This module is implemented by HTCache.c, and it is a part of the W3C Sample Code Library.

#ifndef HTCACHE_H
#define HTCACHE_H

#include "WWWLib.h"

Initialize and Terminate the Persistent Cache

If `cache_root' is NULL then use HT_CACHE_ROOT which by default is set to "/tmp/w3c-lib". The cache_root location does not have to exist, it will be created automatically if not. An empty string will make '/' as cache root. The size is the total size in MBytes - the default size is 20M. The cache can not be less than 5M. We can only enable the cache if we are in secure mode where we can not access the local file system. This is for example the case if using an application as a telnet shell.

extern BOOL HTCacheInit (const char * cache_root, int size);

After the cache has been terminated it can not be used anymore unless you do another HTCacheInit() call.

extern BOOL HTCacheTerminate (void);

Cache Mode Parameters

The persistent cache has a set of overall parameters  that you can adust

Enable and Disable the Cache

The cache can be temporarily suspended by using the enable/disable flag. This does not prevent the cache from being enabled/disable at a later point in time.

extern void HTCacheMode_setEnabled (BOOL mode);
extern BOOL HTCacheMode_enabled (void);

What is the current Cache Root?

Return the value of the cache root. The cache root can only be set through the HTCacheInit() function

extern const char * HTCacheMode_getRoot	(void);

Total Cache Size

We set the default cache size to 20M. We set the minimum size to 5M in order not to get into weird problems while writing the cache. The size is indicated in Mega bytes. The size is given in MBytes and is also returned in MBytes. We don't consider the metainformation as part of the total cache size which is the the reason for why the min cache size should not be less than 5M.

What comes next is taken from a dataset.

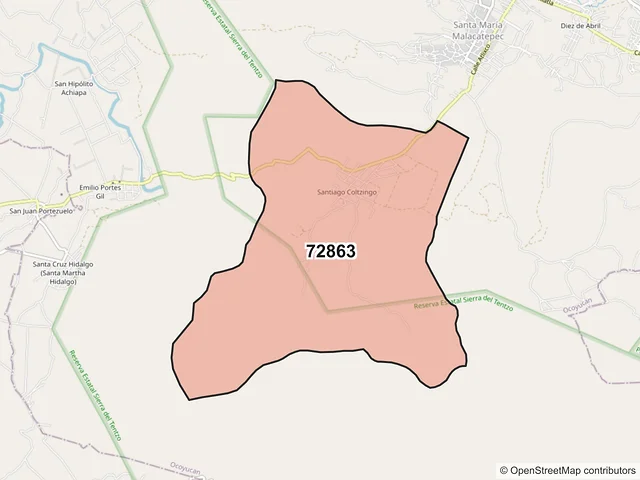Mapa del código postal 72863, Ocoyucan, Puebla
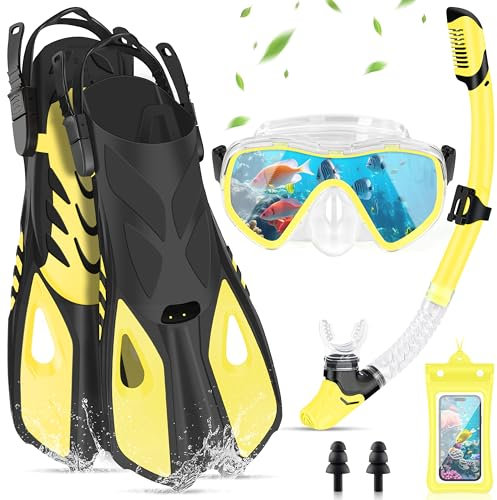 IEEILULU Schnorchelset Erwachsene, 7-teiliges Schnorchelausrüstung mit Anti-Fog Taucherbrille, Flossen, Trockenschnorchel, wasserdichte Handyhülle Ohrstopsel und Tragetasche (Gelb, L/XL)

extern BOOL HTCacheMode_setMaxSize (int size);
extern int  HTCacheMode_maxSize    (void);

How do we handle Expiration of Cached Objects?

There are various ways of handling Expires header when met in a history list. Either it can be ignored all together, the user can be notified with a warning, or the document can be reloaded automatically. This flag decides what action to be taken. The default action is HT_EXPIRES_IGNORE. In HT_EXPIRES_NOTIFY mode , we push a message on to the Error stack which is presented to the user.

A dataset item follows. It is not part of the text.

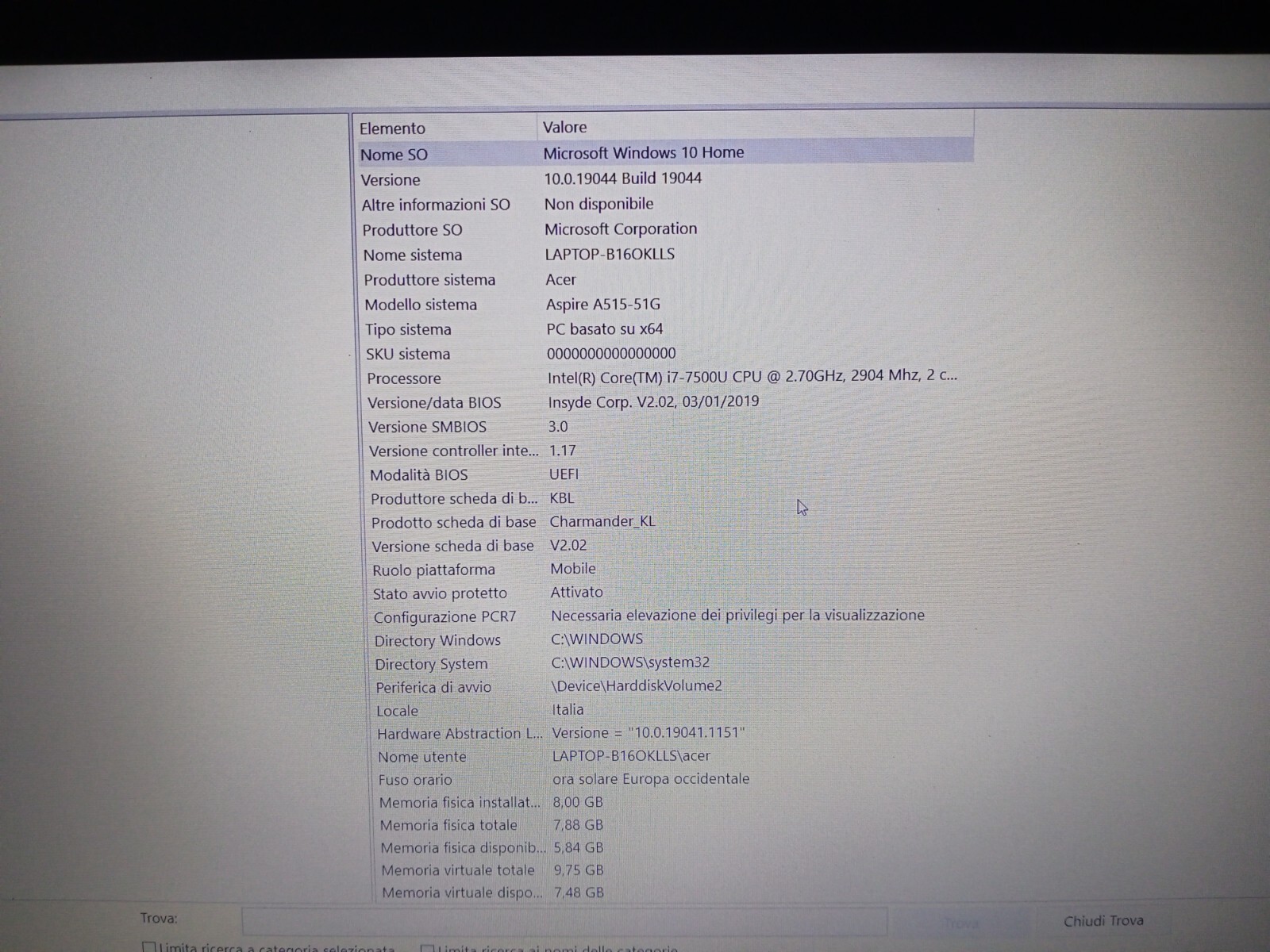 PC ACER ASPIRE 5 A515-51G-72JM € 650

typedef enum _HTExpiresMode {
    HT_EXPIRES_IGNORE = 0,
    HT_EXPIRES_NOTIFY,
    HT_EXPIRES_AUTO
} HTExpiresMode;

extern void HTCacheMode_setExpires (HTExpiresMode mode);
extern HTExpiresMode HTCacheMode_expires (void);

Disconnected Operation

The cache can be set to handle disconnected operation where it does not use the network to validate entries and do not attempt to load new versions. All requests that can not be fulfilled by the cache will be returned with a "504 Gateway Timeout" response. There are two modes of how the cache can operate in disconnected mode: it can use diconnected mode on its own persistent cache or it can forward the disconnected request to a proxy cache, for example. The latter mode only really makes sense when you are using a proxy, of course.

typedef enum _HTDisconnectedMode {
    HT_DISCONNECT_NONE     = 0,
    HT_DISCONNECT_NORMAL   = 1,
    HT_DISCONNECT_EXTERNAL = 2
} HTDisconnectedMode;

extern void HTCacheMode_setDisconnected (HTDisconnectedMode mode);
extern HTDisconnectedMode HTCacheMode_disconnected (void);
extern BOOL HTCacheMode_isDisconnected (HTReload mode);

The Cache Index

The persistent cache keeps an index of its current entries so that garbage collection and lookup becomes more efficient. This index is stored automatically at regular intervals so that we don't get out of sync. Also, it is automatically loaded at startup and saved at closedown of the cache.

Reading the Cache Index

Read the saved set of cached entries from disk. we only allow the index ro be read when there is no entries in memory. That way we can ensure consistancy.

extern BOOL HTCacheIndex_read (const char * cache_root);

Write the Cache Index

Walk through the list of cached objects and save them to disk. We override any existing version but that is normally OK as we have already read its contents.

extern BOOL HTCacheIndex_write (const char * cache_root);

The HTCache Object

The cache object is what we store about a cached objet in memory.

typedef struct _HTCache HTCache;

Create and Update a Cache Object

Filling the cache is done as all other transportation of bulk data in libwww using streams. The cache object creater is a stream which in many cases sits on a T stream so that we get the original feed and at the same time can parse the contents.

In some situations, we want to append data to an already exiting cache entry. This is the case when a use has interrupted a download and we are stuck with a subpart of the document. If the user later on whishes to download the object again we can issue a range request and continue from where we were. This will in many situations save a lot of bandwidth.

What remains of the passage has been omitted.